В ближнем правом углу были свалены вещмешки и дорожные сумки, на которых возлежал средних габаритов дремотный мужлан чуть за сорок – ровесник Иванова. Мужлан был бос, обрит наголо, одет в линялые штаны от «афганки» и табельную майку с прозеленью, даже не второй свежести. На левом плече бледненькая татушечка: оскалившийся тигр и надпись «ОКСА», на шее – грязная марлевая повязка.
Мужлан был занят сразу тремя делами – посасывал гигантскую козью ногу с шалой[26], лузгал семечки из трёхлитровой банки, мастерски сплёвывая на сторону, и внимательно наблюдал за поединком.
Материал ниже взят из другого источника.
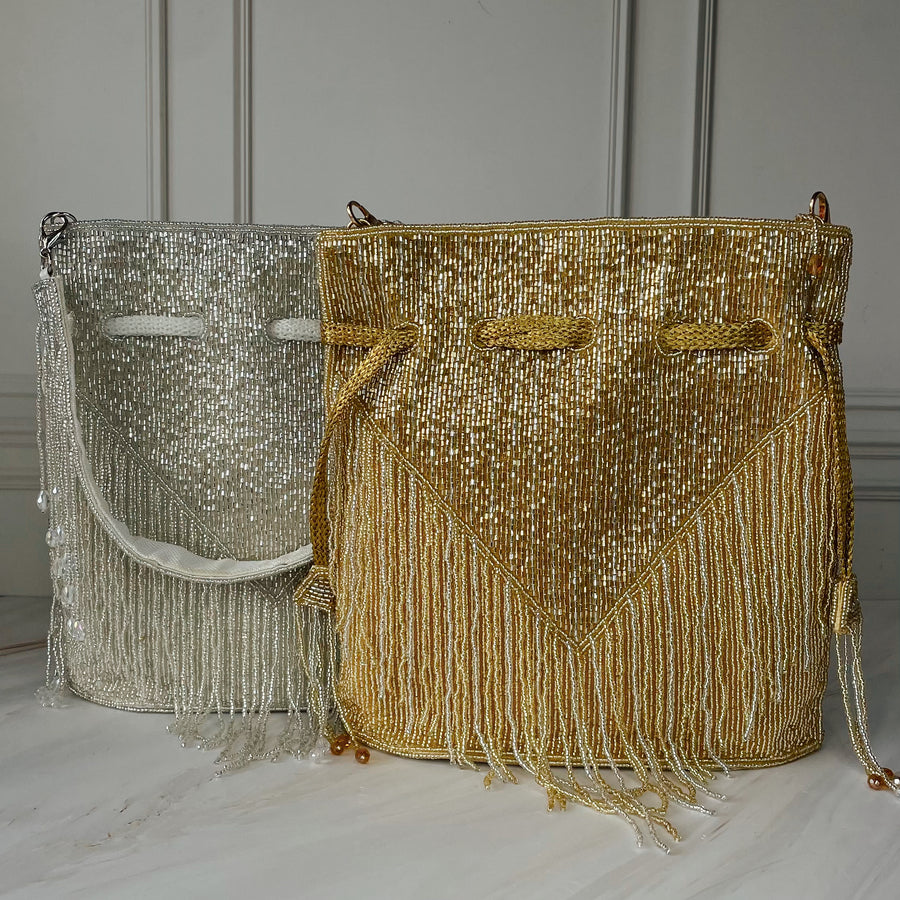 Fringed Bucket Bag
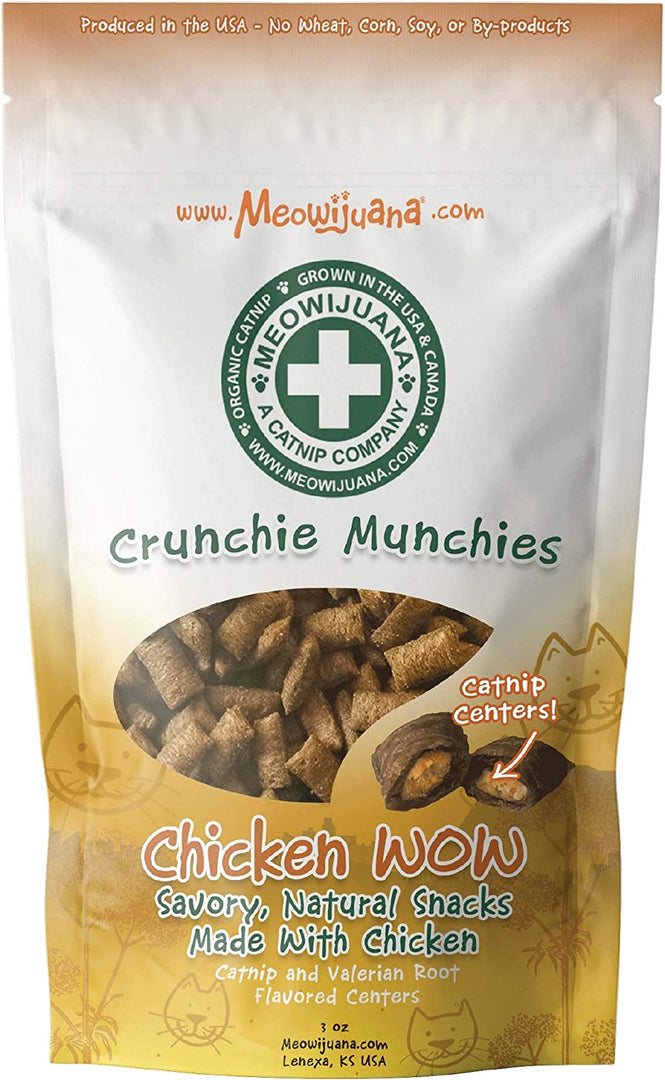 Meowijuana Crunchie Munchies Chicken 3oz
Поединщики были представлены двумя крупными экземплярами, разница в возрасте и весе, соответственно, примерно десять лет и пятнадцать кило. Камуфляжные штаны, мокрые от пота табельные футболки, багровые физиономии. Что характерно, как и мужлан с шалой, оба босые. Слева от входа стояли в ровненькой шеренге три пары кроссовок – две сильно ношенные, одна совсем новенькая, рядом лежало оружие и «разгрузки» с боеприпасами, также в трёх экземплярах.
Ратоборствующие топтались во втором отсеке, пыхтели как паровозы – устали порядком, и постоянно перемещались, мелькая то в межкомнатном дверном проёме, хронически лишённом двери, то в большущей неровной дыре слева. Это доставляло мужлану на вещмешках изрядное неудобство: чтобы быть в курсе, приходилось водить лысым черепом справа налево. Шея, видимо, не работала, двигался весь корпус, и оттого мужлан был здорово похож на китайского болванчика – у Иванова был такой в детстве, когда жил с родителями в Харбине.
– Ты кто? – покосившись на пришельца всем корпусом, поинтересовался мужлан.
– Петрович я, – ответил Иванов, с ходу подстраиваясь под обстановку. Ясный пень, тут буром переть и на горло брать – только делу вредить. Можно в дыню схлопотать, а то и увечье получить. Увечья Иванов не любил, у него на госпиталя, как и на «Донтабак», была устойчивая аллергия.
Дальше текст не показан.